El día de hoy, celebramos también el Domingo de la Palabra de Dios, Jornada instituida por el Papa Francisco, el 30 de septiembre de 2019, con la firma de la Carta Apostólica en forma motu proprio, “Aperuit illis”, con el fin de dedicar un domingo en especial a la Palabra de Dios. Esta Jornada tiene que ser una ocasión preciosa para que todos redescubramos el valor de la Sagrada Escritura, que no es sólo un libro, sino una Palabra viva, la de Dios, que busca tocar nuestras vidas para convertirnos.

Hay que leer con frecuencia la Sagrada Escritura, pero siempre en comunión con la Iglesia y su Sagrada Tradición, tanto en la Liturgia como en nuestra vida cotidiana. Reavivemos nuestra responsabilidad de conocer más y mejor la Sagrada Escritura, de comprenderla mejor y de transmitirla fielmente, porque ella es capaz de dar sentido a la vida de la Iglesia en las más diversas condiciones en las que se encuentre.

Al respecto nos dice nuestro querido Papa Francisco: “Tomemos el Evangelio en la mano, cada día un pequeño pasaje para leer y releer. Llevad en el bolsillo el Evangelio o en el bolso, para leerlo en el viaje, en cualquier momento y leerlo con calma. Con el tiempo descubriremos que esas palabras están hechas a propósito para nosotros, para nuestra vida. Nos ayudarán a acoger cada día con una mirada mejor, más serena, porque, cuando el Evangelio entra en el hoy, lo llena de Dios”.[5]

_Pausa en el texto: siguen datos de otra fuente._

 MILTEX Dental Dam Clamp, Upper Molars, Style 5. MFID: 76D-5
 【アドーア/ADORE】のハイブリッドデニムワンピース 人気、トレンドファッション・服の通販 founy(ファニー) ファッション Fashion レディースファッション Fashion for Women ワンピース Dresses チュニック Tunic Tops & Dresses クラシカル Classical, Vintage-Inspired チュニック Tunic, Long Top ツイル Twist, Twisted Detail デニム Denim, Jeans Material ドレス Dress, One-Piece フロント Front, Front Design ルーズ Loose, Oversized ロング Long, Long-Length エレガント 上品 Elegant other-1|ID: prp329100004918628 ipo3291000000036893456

Que María, Virgen y Madre, la Mujer oyente y orante de la Palabra de Dios, nos enseñe a acogerla para así poder vivir conforme a ella, única fuente de vida verdadera.

San Miguel de Piura, 22 de enero de 2023
III Domingo del Tiempo Ordinario
Domingo de la Palabra de Dios

[1] San Juan Pablo II, Angelus, 11-I-2004.

[2] S.S. Benedicto XVI, Homilía en la Fiesta de la Conversión de San Pablo, 25-I-2012.

[3] S.S. Benedicto XVI, Carta Encíclica Deus caritas est, n. 1.

[4] S.S. Benedicto XVI, Homilía en el Solemne Inicio del Ministerio Petrino del Obispo de Roma, 24-IV-2005.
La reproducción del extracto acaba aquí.